Did he leave out the boring parts? No, the omitted sections often occur at times when diaries and letters from other Gideonites reveal great turmoil—internal disagreements, disputes with the army, massive epidemics of killer diseases, or unusual danger from the threats of war. The result is a fairly happy picture of a woman who is doing the job she was sent to do, teaching slaves, treating minor ailments, and learning how to live in a surprisingly hospitable new land. It’s a lovely picture, but obviously inaccurate. That’s the trouble with ellipses.
One other characteristic of source number two bothered me. In it, Laura frequently expresses her displeasure with—and sometimes outright disgust for— the freedmen of South Carolina. She comments on how dirty they are, how uncivilized, how slow to learn, how uncooperative, how rude, how lacking in ordinary common sense, how superstitious, how cruel in their treatment of animals.

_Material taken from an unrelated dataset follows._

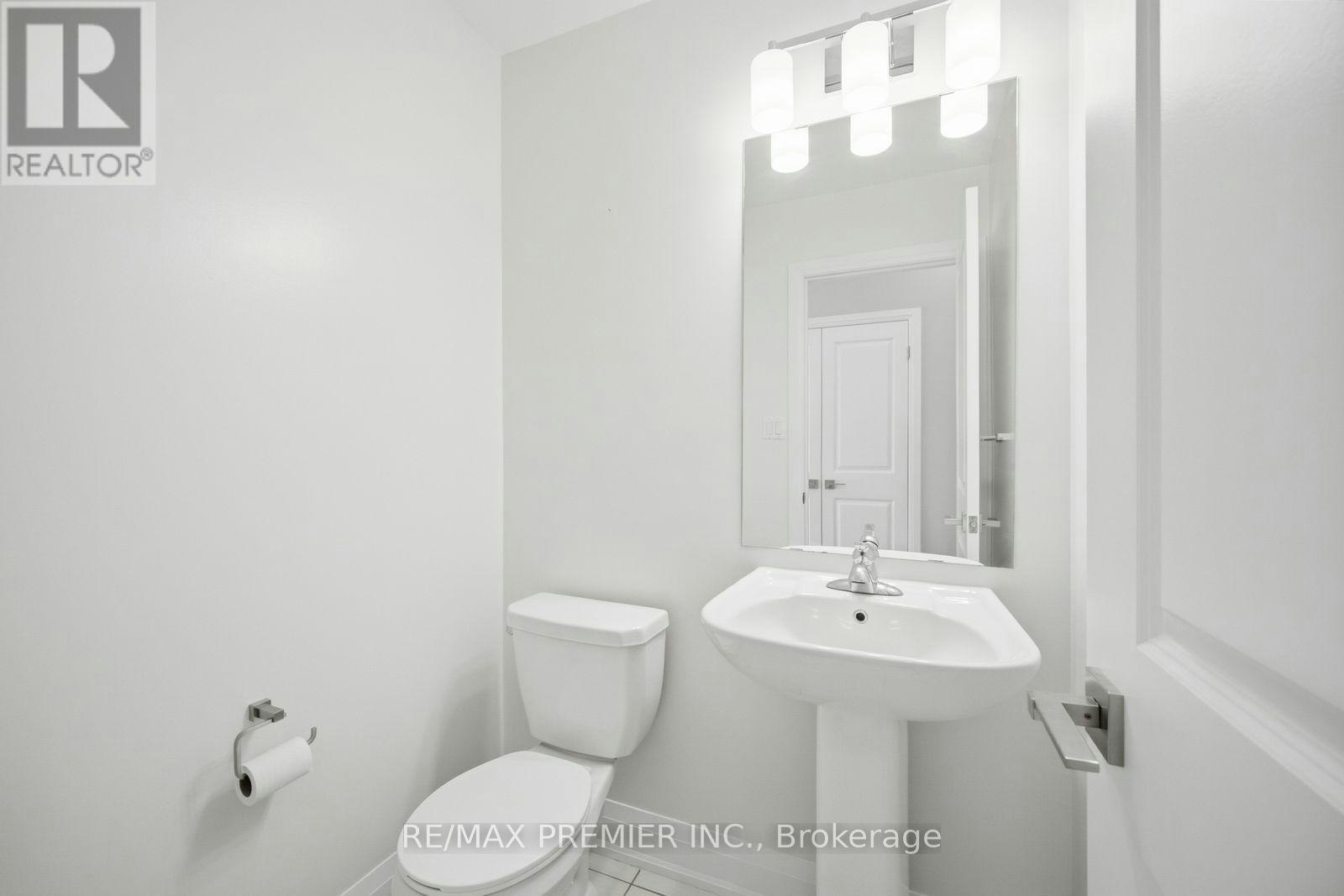 72 Luisa Street, Bradford West Gwillimbury, ON, L3Z 0P1 - 9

Her attitude in the early sections of the diary does not in any way reflect her abolitionist belief that the Negro was as capable as any white person. In later sections, the complaints diminish, but favorable judgments are still hard to find. Why would Horace leave such derogatory comments in the typescript?
Maybe he was being honest. Maybe Laura Towne was a bigot. No, there’s a more plausible explanation. As early as 1900, Horace Jenks was leading a movement to change the nature of the Penn School. When Laura founded the school, she wanted it to offer a standard “English” education, so that the children of freedmen would grow up with the same educational advantages as their white neighbors. For almost forty years, she taught academic subjects—sometimes offering Latin, advanced algebra, philosophy, and ancient history. Horace Jenks and several other trustees favored turning the Penn School into a vocational center. They had begun dropping the academics and substituting classes in shoemaking, blacksmithing, basket weaving (really!), sewing, and agriculture. The change reflects the racial biases of the early 20th century, of course, but the edited transcript of Laura Towne’s diary gives the erroneous impression that Laura shared those views. Why did it not appear until 1908? I suspect it was because Ellen Murray was no longer around to oppose it.

This typescript has its value, but only for the sake of what it reveals about the editor, not about the original writer. I might use it for comparative fact checking, but it’s not a reliable guide to Laura.